MATERIAL FOR THE TASK ▸
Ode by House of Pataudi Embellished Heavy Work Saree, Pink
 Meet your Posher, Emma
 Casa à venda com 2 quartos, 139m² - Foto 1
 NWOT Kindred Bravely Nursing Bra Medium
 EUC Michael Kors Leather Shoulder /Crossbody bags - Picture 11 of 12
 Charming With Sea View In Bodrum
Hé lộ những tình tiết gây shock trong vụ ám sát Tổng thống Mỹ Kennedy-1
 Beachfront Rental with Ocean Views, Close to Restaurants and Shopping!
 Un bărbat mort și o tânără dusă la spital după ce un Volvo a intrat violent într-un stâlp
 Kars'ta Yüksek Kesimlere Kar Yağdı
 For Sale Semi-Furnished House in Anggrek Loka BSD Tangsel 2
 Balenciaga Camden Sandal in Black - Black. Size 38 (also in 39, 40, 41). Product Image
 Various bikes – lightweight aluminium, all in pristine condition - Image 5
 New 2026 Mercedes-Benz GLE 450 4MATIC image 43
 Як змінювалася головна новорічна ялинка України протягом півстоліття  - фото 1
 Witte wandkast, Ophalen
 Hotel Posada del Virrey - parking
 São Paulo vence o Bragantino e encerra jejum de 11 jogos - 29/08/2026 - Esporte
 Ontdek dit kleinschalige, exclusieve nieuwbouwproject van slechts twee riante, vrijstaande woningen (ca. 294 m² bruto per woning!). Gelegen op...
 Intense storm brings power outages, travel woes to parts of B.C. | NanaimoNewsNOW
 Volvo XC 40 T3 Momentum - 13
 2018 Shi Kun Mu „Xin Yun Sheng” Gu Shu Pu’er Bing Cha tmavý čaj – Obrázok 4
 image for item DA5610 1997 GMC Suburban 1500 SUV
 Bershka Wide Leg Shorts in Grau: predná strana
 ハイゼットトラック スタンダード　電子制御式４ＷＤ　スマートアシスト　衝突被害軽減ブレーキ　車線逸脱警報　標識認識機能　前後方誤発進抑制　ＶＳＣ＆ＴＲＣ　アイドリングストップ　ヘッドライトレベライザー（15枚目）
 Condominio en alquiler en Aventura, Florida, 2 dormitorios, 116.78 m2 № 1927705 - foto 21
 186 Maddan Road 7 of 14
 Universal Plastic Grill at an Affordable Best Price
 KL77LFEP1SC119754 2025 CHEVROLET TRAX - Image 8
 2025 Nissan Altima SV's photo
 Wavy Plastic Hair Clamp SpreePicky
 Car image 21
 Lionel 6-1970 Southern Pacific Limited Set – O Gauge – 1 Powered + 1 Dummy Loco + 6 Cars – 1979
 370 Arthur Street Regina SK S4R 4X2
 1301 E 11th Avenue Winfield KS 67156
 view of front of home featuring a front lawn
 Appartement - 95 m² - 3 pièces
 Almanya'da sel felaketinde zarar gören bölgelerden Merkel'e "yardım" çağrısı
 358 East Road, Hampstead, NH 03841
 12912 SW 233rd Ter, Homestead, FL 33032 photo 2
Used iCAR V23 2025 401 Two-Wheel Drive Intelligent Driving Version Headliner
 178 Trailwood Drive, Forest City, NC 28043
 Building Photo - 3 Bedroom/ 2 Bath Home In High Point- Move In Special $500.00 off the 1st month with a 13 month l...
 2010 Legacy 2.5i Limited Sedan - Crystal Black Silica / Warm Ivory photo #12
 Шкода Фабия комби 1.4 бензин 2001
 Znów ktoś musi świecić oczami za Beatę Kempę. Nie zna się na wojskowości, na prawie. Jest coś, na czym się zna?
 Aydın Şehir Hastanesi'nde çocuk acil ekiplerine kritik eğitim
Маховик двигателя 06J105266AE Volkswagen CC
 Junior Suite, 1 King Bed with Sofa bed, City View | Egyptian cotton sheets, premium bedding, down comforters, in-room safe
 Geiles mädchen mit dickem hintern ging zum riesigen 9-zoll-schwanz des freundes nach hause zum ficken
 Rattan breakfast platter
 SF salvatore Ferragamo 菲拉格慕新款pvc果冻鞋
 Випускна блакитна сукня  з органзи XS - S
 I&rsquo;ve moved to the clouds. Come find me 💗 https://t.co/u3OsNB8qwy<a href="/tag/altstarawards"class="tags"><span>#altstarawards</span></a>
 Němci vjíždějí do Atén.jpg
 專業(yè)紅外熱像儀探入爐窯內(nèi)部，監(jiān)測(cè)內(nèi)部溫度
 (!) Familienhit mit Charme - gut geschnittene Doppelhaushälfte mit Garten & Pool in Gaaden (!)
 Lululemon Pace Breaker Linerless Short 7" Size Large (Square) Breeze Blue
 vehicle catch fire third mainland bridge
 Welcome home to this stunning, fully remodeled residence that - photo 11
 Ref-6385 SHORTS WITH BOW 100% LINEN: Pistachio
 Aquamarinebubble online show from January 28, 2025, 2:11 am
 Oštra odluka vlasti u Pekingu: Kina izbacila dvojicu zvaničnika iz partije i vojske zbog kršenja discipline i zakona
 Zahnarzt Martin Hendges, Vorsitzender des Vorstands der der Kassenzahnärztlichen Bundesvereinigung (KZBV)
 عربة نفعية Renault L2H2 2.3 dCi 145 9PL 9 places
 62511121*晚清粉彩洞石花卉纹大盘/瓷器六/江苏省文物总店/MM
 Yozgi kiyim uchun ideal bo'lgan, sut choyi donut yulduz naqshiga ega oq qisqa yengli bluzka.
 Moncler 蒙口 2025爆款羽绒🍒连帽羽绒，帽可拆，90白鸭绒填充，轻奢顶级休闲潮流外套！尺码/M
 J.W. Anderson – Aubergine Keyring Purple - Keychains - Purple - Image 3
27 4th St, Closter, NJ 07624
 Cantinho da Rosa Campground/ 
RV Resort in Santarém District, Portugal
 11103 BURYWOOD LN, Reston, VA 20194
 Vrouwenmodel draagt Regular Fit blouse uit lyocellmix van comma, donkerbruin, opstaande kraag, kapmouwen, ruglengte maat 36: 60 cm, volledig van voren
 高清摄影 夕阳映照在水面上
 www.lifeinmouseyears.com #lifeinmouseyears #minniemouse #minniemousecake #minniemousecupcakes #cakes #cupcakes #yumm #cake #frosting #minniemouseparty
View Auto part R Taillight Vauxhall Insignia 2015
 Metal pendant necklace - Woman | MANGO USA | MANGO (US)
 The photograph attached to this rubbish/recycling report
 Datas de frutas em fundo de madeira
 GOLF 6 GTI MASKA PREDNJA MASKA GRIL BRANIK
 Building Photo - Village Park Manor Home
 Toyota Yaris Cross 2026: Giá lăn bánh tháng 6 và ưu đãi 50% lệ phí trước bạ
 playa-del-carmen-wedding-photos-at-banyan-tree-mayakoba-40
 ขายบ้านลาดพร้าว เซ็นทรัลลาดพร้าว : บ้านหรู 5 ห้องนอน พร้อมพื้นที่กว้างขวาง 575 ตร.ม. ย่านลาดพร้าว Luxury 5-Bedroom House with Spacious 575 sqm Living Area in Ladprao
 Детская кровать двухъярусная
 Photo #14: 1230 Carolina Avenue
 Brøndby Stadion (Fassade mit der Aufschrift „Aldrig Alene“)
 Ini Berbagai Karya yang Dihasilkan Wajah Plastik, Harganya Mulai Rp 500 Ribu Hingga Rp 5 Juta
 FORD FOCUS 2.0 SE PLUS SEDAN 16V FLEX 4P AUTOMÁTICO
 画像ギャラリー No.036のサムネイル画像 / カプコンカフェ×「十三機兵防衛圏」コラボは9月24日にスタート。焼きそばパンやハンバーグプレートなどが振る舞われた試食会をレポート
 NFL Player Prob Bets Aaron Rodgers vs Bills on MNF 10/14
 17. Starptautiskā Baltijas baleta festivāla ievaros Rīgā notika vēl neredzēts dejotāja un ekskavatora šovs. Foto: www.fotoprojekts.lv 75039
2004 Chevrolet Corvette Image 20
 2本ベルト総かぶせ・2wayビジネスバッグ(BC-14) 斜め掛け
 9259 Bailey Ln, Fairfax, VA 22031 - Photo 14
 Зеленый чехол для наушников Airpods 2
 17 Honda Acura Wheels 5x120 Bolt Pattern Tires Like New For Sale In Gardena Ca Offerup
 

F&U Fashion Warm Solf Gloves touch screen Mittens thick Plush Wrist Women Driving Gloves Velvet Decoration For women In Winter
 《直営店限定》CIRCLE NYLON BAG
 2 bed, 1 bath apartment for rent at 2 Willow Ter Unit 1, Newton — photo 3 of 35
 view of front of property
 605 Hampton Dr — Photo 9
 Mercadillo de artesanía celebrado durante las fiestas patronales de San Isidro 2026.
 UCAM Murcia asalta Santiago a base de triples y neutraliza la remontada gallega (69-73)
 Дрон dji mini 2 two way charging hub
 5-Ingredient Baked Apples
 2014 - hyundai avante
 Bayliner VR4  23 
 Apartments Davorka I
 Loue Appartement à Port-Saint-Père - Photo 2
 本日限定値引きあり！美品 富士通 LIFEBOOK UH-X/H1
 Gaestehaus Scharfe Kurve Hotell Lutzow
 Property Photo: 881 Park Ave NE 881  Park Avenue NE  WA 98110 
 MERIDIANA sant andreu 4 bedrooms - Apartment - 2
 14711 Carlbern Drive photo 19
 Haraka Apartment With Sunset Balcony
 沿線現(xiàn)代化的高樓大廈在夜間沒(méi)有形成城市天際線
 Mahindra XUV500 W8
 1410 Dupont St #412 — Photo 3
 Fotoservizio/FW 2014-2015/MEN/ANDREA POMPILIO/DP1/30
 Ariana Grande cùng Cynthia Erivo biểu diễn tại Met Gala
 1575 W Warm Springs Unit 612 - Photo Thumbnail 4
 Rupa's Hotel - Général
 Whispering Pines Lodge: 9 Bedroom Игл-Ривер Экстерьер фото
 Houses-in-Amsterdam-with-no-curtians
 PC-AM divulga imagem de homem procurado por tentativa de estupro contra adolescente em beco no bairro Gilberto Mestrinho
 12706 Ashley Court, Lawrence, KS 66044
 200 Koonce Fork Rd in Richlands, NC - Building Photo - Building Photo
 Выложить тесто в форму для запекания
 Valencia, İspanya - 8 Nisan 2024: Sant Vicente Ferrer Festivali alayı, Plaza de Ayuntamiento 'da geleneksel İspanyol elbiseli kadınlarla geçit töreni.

WORK INSTRUCTION ▸
Taking the listing above as the source, transcribe only the lines starting at the line with "Hé lộ những" and going through the line with "Balenciaga Camden Sandal", unaltered and with both ends included.

RESPONSE AREA ▸
Hé lộ những tình tiết gây shock trong vụ ám sát Tổng thống Mỹ Kennedy-1
 Beachfront Rental with Ocean Views, Close to Restaurants and Shopping!
 Un bărbat mort și o tânără dusă la spital după ce un Volvo a intrat violent într-un stâlp
 Kars'ta Yüksek Kesimlere Kar Yağdı
 For Sale Semi-Furnished House in Anggrek Loka BSD Tangsel 2
 Balenciaga Camden Sandal in Black - Black. Size 38 (also in 39, 40, 41). Product Image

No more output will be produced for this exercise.